Spike Lee is back with his best film in years
Film Title: Inside Man.
Clever bank robber Dalton Russell (CLIVE OWEN) stands amidst the cash in \"Inside Man\", a tense hostage drama from Director Spike Lee. \"Inside Man\" will be released in theaters on March 24, 2006.David Lee / Universal Studios

Spike Lee’s career has needed a course correction for some time now. “Inside Man” may be just the script to do the trick.

Clever and commercial, with juicy roles for Denzel Washington, Clive Owen, Christopher Plummer and Jodie Foster, it’s the kind of thriller that tricks you without making you feel you’ve been had. You may even feel compelled to see it again and retrace your steps.

The screenplay is the work of a first-timer, Russell Gerwitz, but it feels like the creation of a seasoned pro. While the opening reels suggest that it’s just another bank-heist tale, nothing here is what it seems. If you were stimulated rather than put off by the complications and narrative twists of  “Syriana” or “The Usual Suspects,” you’ll feel right at home here.

Owen plays the brains behind the heist, who is pretty sure he’s worked out the perfect crime. He and his gang take over a Manhattan bank, picking up dozens of hostages along the way and appearing to raid the vaults. But something is not quite routine about this operation. Do they really want money, or is it something else?

While the maybe-robbery is unfolding, the movie flashes forward to bleached-out scenes of the hostages being examined and intimidated by an apparently compromised negotiator (Washington), who spends a lot of cellphone time promising to get back to his sexually frustrated girlfriend. The hostages appear to be innocents caught up in the chaos, but could some of them be part of Owen’s team?

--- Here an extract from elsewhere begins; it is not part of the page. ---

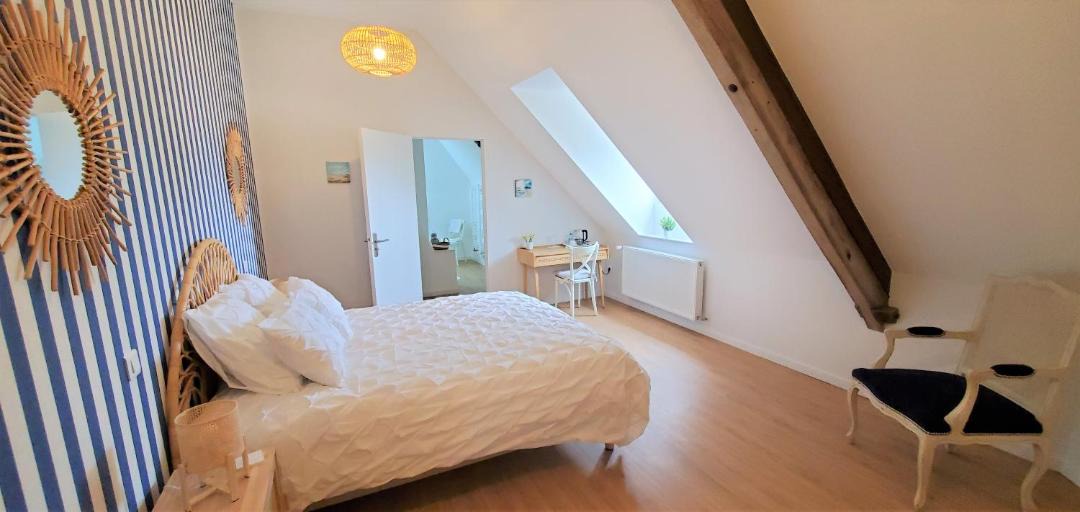 Photo of Bedroom in Gonnehem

Meanwhile, the bank’s chairman of the board (Plummer) worries that the robbers will find his safe-deposit box, which contains material of an extremely sensitive nature. To protect himself, he hires an enigmatic power broker (Foster), who is chummy with the mayor and appears to have access to everyone who’s anyone in New York.

Plummer is just as wonderfully creepy here as he was in “Syriana.” Washington and Owen, clearly enjoying themselves, warm to the cat-and-mouse game their characters play throughout the movie. Only Willem Dafoe, as an emergency-services specialist, seems underutilized. 

It’s great to see Foster playing something other than a terrorized mother for a change (please, no more movies like “Flight Plan” and “Panic Room,” which threatened to turn this brilliant actress into a middle-aged scream queen). Her character in “Inside Man” is eerily professional and self-possessed; she’s also quite funny, especially when she’s trading stiletto-sharp quips with Plummer.

While this may not be a typical “Spike Lee Joint” (as Lee calls all of his movies), it’s more satisfying than anything he’s done in years. Not that it’s unrecognizable. With its showy, dreamy cinematography, its Terence Blanchard score and Barry Alexander Brown’s sharp editing tricks, “Inside Man” is clearly Lee’s work.

But there’s a respect for storytelling here, and an embrace of narrative discipline, that seems entirely and refreshingly new. If he seemed to lose his way in such failed (if personal) experiments as “Bamboozled” and “The 25th Hour,” Lee is back on track this time.